**Instructions for the task:**
In the entries that follow, the lines from the line containing "Boho Patch Cosmetic" up to and including the line containing "Slim Fit Checkered Shirt | Pink" must be copied exactly, with pictures omitted.

**Data to examine:**
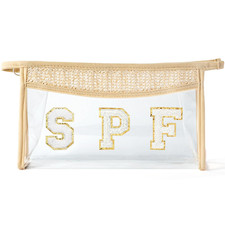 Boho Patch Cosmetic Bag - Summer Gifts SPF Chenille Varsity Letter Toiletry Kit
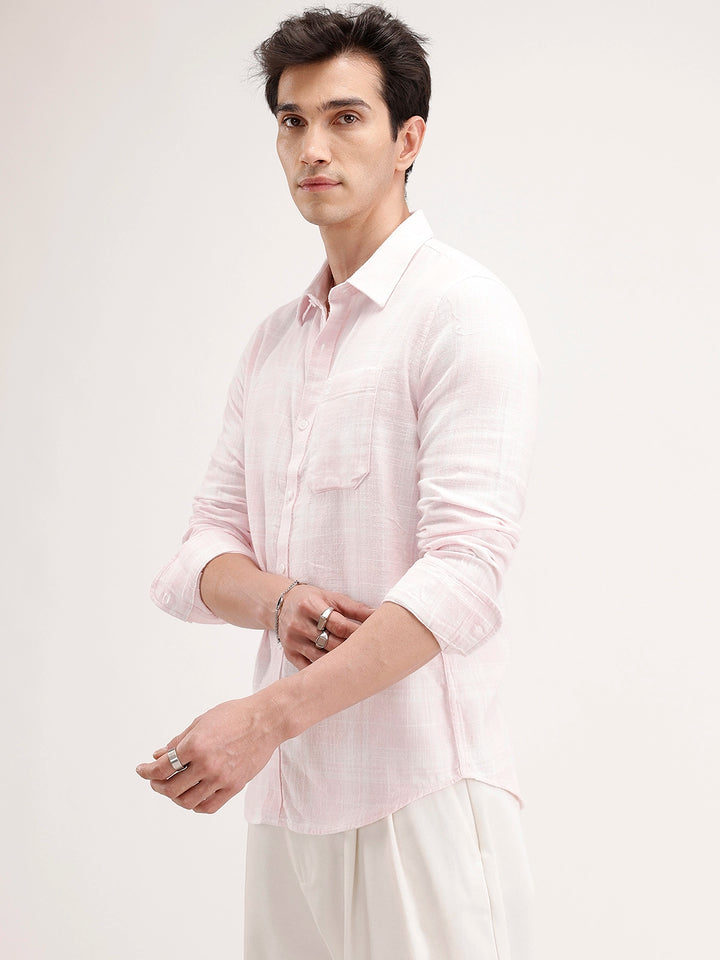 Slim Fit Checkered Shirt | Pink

--

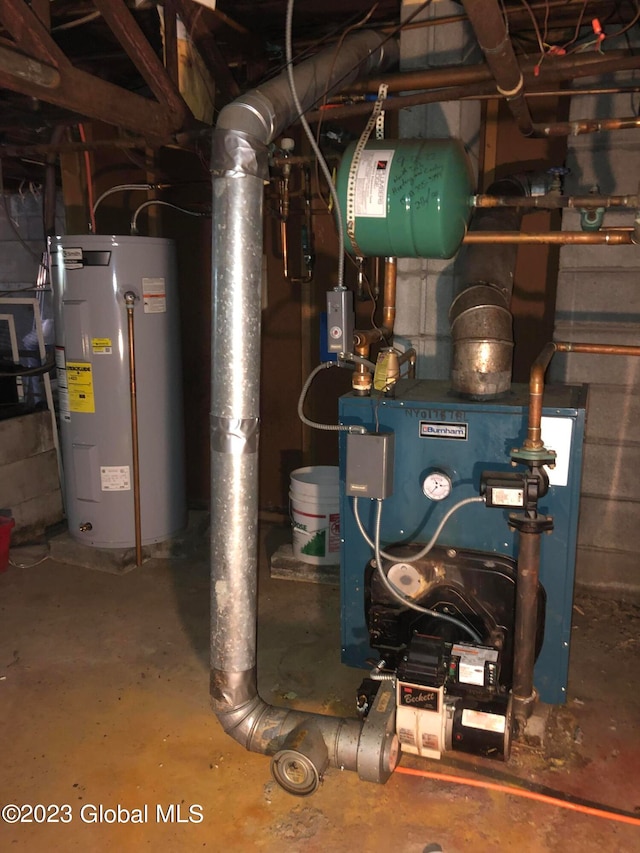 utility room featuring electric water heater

**Solution for this problem:**
 Boho Patch Cosmetic Bag - Summer Gifts SPF Chenille Varsity Letter Toiletry Kit
 Slim Fit Checkered Shirt | Pink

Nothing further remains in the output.